De Monte: Salvini e Di Maio spingono Italia verso il baratro. Calenda: giochiamo in serie D con l’Ungheria

“Salvini e Di Maio stanno spingendo l’Italia verso il baratro: dobbiamo mobilitarci contro chi alimenta ignoranza e disuguaglianze puntando sull’ assistenzialismo. Oggi i sondaggi ci dicono che il 20 per centro degli italiani è per la Italexit: è un dato spaventoso, un’ipotesi devastante, che Salvini e Di Maio alimentano senza scrupoli. La risposta alla crisi non è la chiusura, non è l’isolamento, ma il rilancio del ruolo dell’Italia in Europa e nel mondo. Servono investimenti e lavoro, infrastrutture e cultura, non assistenzialismo”.  Così l’europarlamentare del Pd candidata nel Nordest per la lista Pd-Siamo europei, oggi a Trieste assieme al capolista Carlo Calenda.

“Il primo modo di essere patriottici – ha detto Calenda – è fare il proprio dovere: Salvini vai a lavorare”.

“Qualcuno si occupi del Paese – è stato l’appello dell’ex ministro – perché assistiamo a discussioni ogni giorno più surreali come quella sui matrimoni misti, ma la verità è che l’Italia è uscita dal circuito dei grandi Paesi europei, giochiamo in serie “d” con l’Ungheria, che è grande come la Lombardia. Il Paese non e in sicurezza, ricordiamo che nell’ultima grande recessione che ha colpito l’Italia abbiamo perso il 25% della capacità manifatturiera”.
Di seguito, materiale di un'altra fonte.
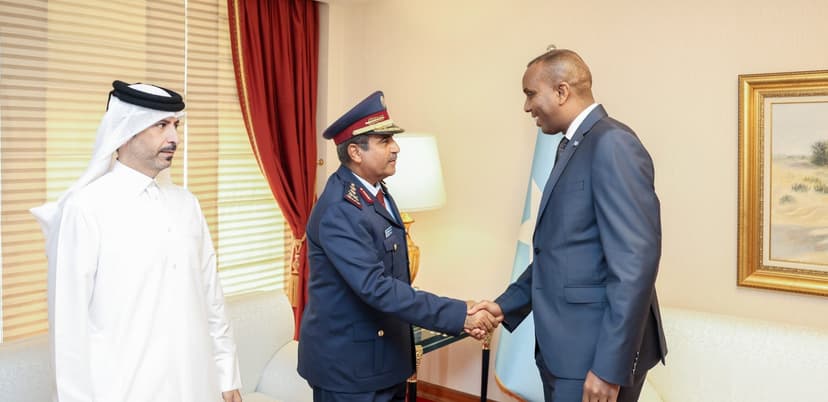 Ra’iisul Wasaaraha ayaa Kula la Yeeshay Taliyaha Ciidamada Qalabka Sida ee Dowladda Qadar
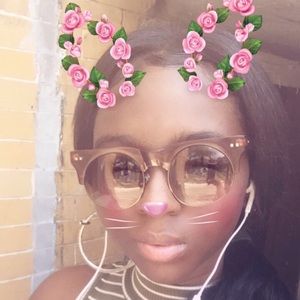 Meet your Posher, Nasheka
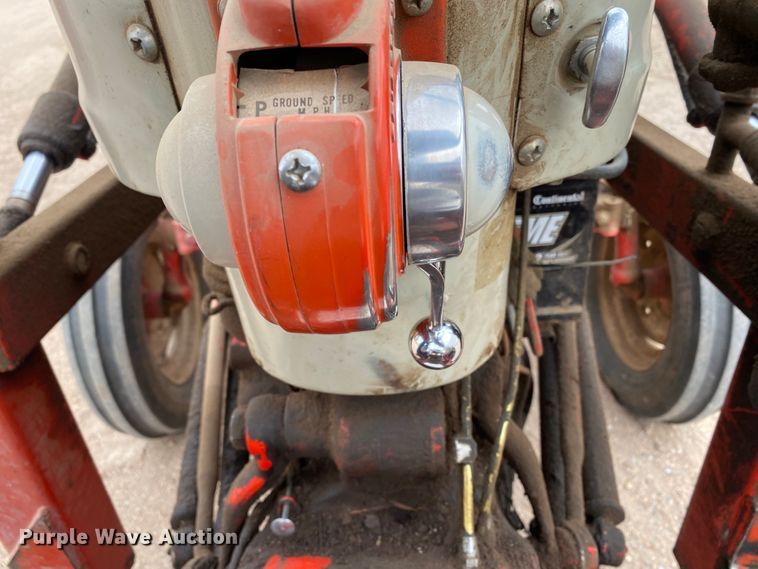 image for item DM8356 Ford 801 Series  tractor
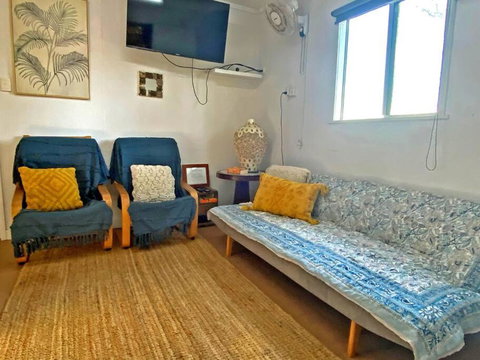 BEACH BACH - Accommodation Gold Coast 4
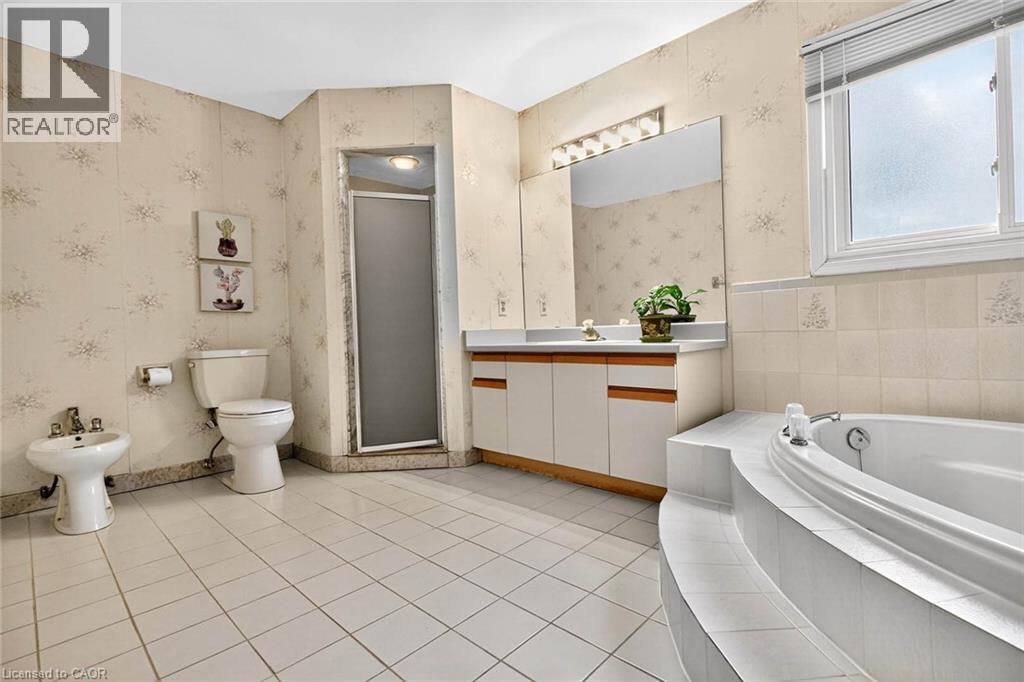 Photo 21 of 1084 Grandeur Crescent, Oakville ON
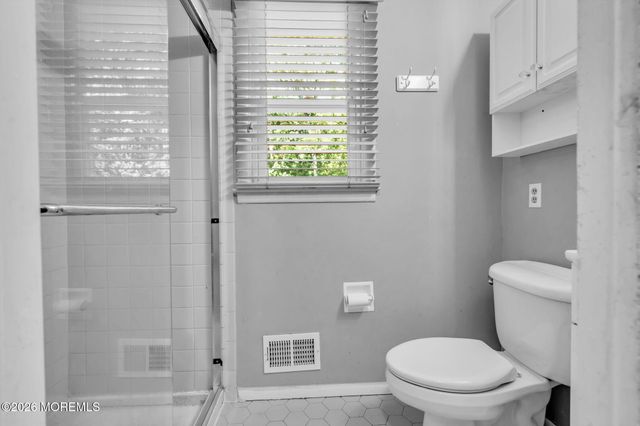18 Wylie Terrace, Morganville, NJ 07751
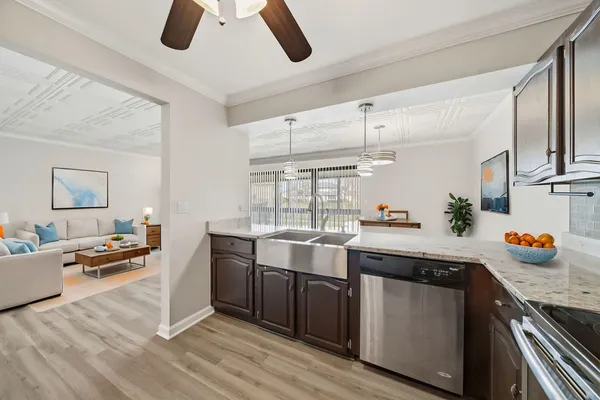 $2,400 | 15700 86th Avenue, Unit 104, Orland Park, IL 60462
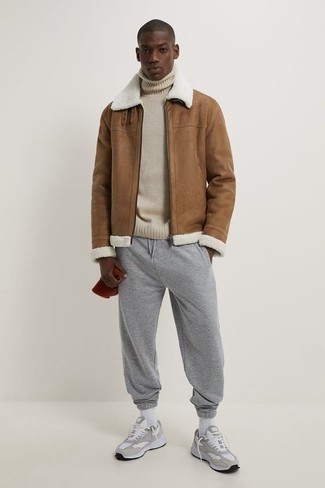 Comment porter une veste en peau de mouton retournée marron clair quand il fait froid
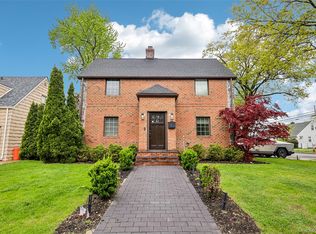 57 Berkley Rd, Mineola, NY 11501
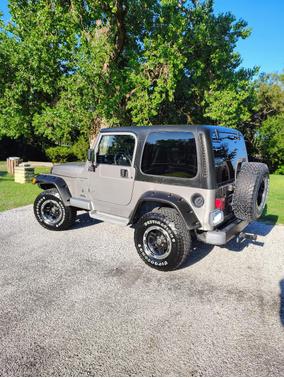 Silver 2001 Jeep Wrangler Sport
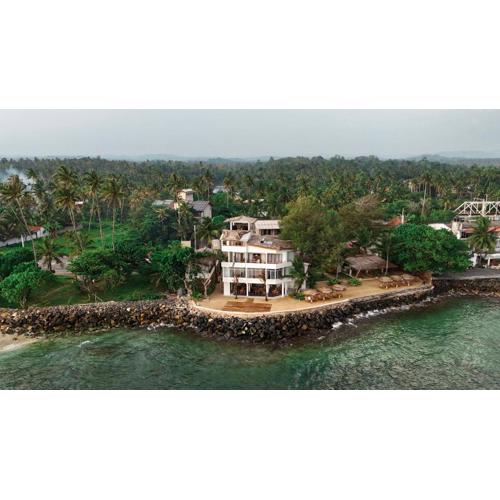 Blue Waves Surf House - Beach Hotel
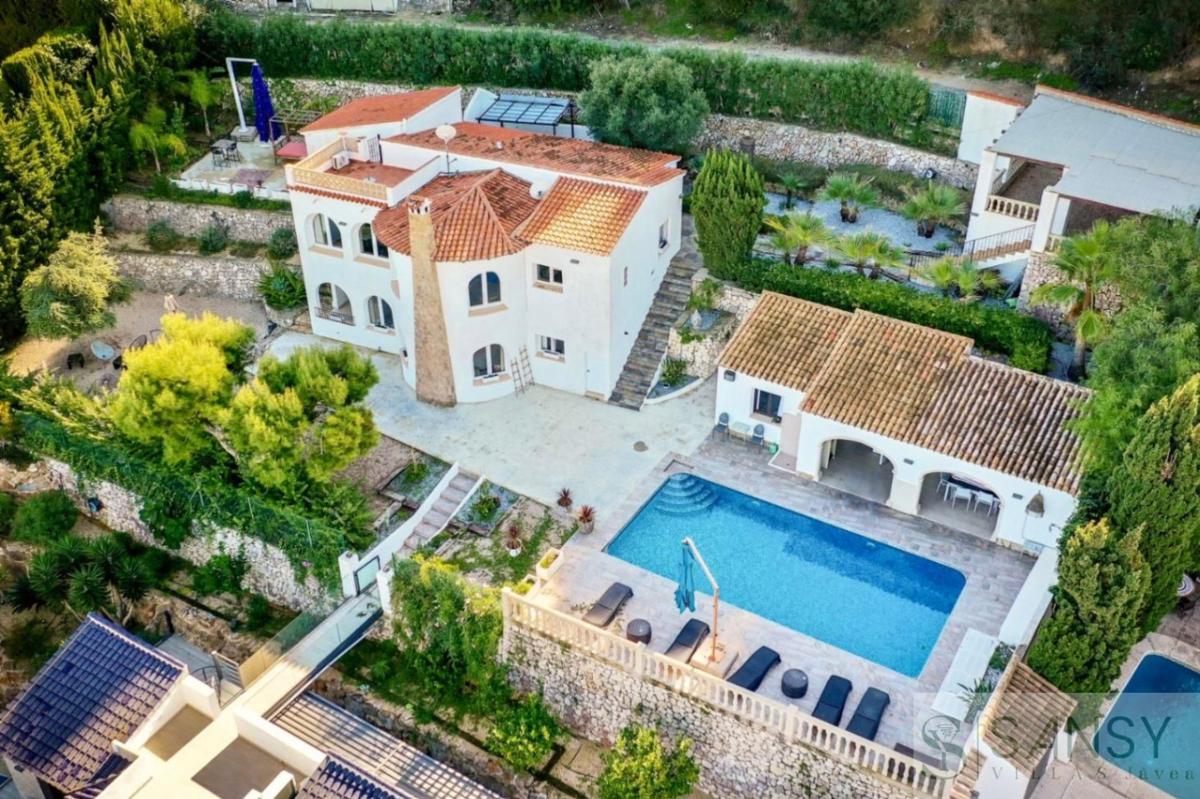 Propiedades en venta y alquiler en España photo 2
Quota 100 – ha spiegato Calenda – sono 33 miliardi di debito implicito per mandare in pensione 650mila persone. E la flat tax non è la soluzione alle diseguaglianze: Salvini che guadagna 140 mila euro l’anno ha la stessa aliquota fiscale di un operaio o di un poliziotto. Oggi il problema è la progressività”.

Parlando di politica estera, Calenda ha indicato che “l’Europa delle Nazioni è morta”. Nell’area di Visegrad “la Germania ci produce tutto il suo automotive” e “la Francia ci dà lezioni sulla Libia, ma è su questo che dovevamo essere duri, ed è adesso che bisognava richiamare l’ambasciatore, non per i gilet gialli”.

Sull’immigrazione, per Calenda, “se non avremo il coraggio di dire la verità, prevarranno gli altri. L’offerta deve essere di verità e trasparenza, una grande capacità di ascolto delle paure degli italiani. E invece non riusciamo a parlare di immigrazione, non diciamo né che tutti devono entrare, né che non devono entrare. Ma intanto si sa che la popolazione della Nigeria in pochi anni sarà superiore a quella dell’Europa”. E sugli episodi di Casal Bruciato ha aggiunto “è uno schifo”, precisando però che “sono 30 anni che in Italia si consente che nei campi rom i bambini siano mandati a chiedere l’elemosina”.

Per Calenda “non è che gli italiani siano razzisti, il grave è che escono dalle fogne quelli che prima ci stavano dentro perché pensano di essere legittimati a dire quello che vogliono”, e allora “bisogna distinguere quelli che stanno nelle fogne da quelli che hanno solo paura: se mettiamo tutti nello stesso calderone vince Salvini”.

Rispondendo a una domanda dei giornalisti sulla Via della Seta e sul porto di Trieste, Calenda ha affermato che “il rapporto con la Cina deve essere molto equilibrato, è un partner commerciale molto importante, ed è importante attrarre merci e vendere prodotti”. Precisando che “ qui non si parla di questo”, Calenda ha spiegato che “la cosa importante è attrarre traffico e dare anche la possibilità di gestirne una porzione. In questo senso io sono perfettamente d’accordo”.

“Ho guidato le prime delegazioni in Cina tanti anni fa però sempre con un po’ di approccio muscolare, perché sono molto grandi e ogni cosa che diamo – ha concluso – deve avere una reciprocità”.